[Haskell-cafe] Toy compression algorithms [was: A very edgy language]

Sun Jul 8 04:42:37 EDT 2007

Andrew Coppin wrote:
> Dave Bayer wrote:
>> I was beginning to accept that I might die before clearing my 
>> pipeline of research projects I want to code up. Haskell has given me 
>> new hope.
>
> Indeed. ;-)
>
> Today I hve implemented encoders and decoders for RLE, MTF, Fibonacci 
> codes, and LZW. Next on my list is BWT, Huffman codes and arithmetic 
> coding. (That last is *very* hard though...)

In case anybody cares...

   darcs get http://www.orphi.me.uk/darcs/ToyCompression
   ghc -O2 --make Encode
   ghc -O2 --make Decode

You can now do

  Encode LZW foo

Will look for a file named "foo", and generate a file called "foo-LZW" 
containing the LZW-compressed version of it. Also "foo-LZW.log.txt", 
which contains some statistics.

Similarly,

  Decode LZW foo-LZW

will make a file "foo-LZW-unLZW", which should *hopefully* be identical 
to the original one. (!)

It didn't occur to me, but I should probably go add some way to discover 
a list of available algorithms! LOL. Anyway, currently working:

   RLE (Run Length Encoding). Counts runs of symbols. Considers 8 bits 
to be one "symbol". The maximum run length is 255.
   MTF (Move To Front). Takes an input file and produces an output file 
of exactly the same size, but containing mostly *low* numbers. Works 
well with RLE or Fib.
   BWT (Burners-Wheeler Transform). Like MTF, does no actual 
compression, but makes the file more "compressible".
   Fib (Fibonacci codes). Stores numbers using Fibonacci codes instead 
of unsigned binary. This makes low numbers smaller and high numbers 
bigger. (Use it with MTF...)
   LZW (Lempel-Ziv-Welch). The daddy.

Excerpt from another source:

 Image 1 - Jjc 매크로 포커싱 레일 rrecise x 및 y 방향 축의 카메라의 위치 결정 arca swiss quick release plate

Looks for repeated input strings 
and compresses them.

Caution: Encoding or decoding BWT currently requires absurd amounts of 
time and space. (Like, > 2 GB RAM and 8 minutes wall time to process 12 
KB of text.) I hope to fix that soon...

Currently it's unclear whether LZW or BWT+MTF+Fib gives the best 
compression. (Mainly because BWT is so hard to run!) I hope to implement 
a few other algorithms soonly.

(Note: LZW is typically used with a variable number of bits per output 
symbol. I haven't done this yet. It simply uses 16 bits in all cases. 
Once I fix this, compression will go up. Also, once the symbol 
dictionary is full, the encoder just resets itself.)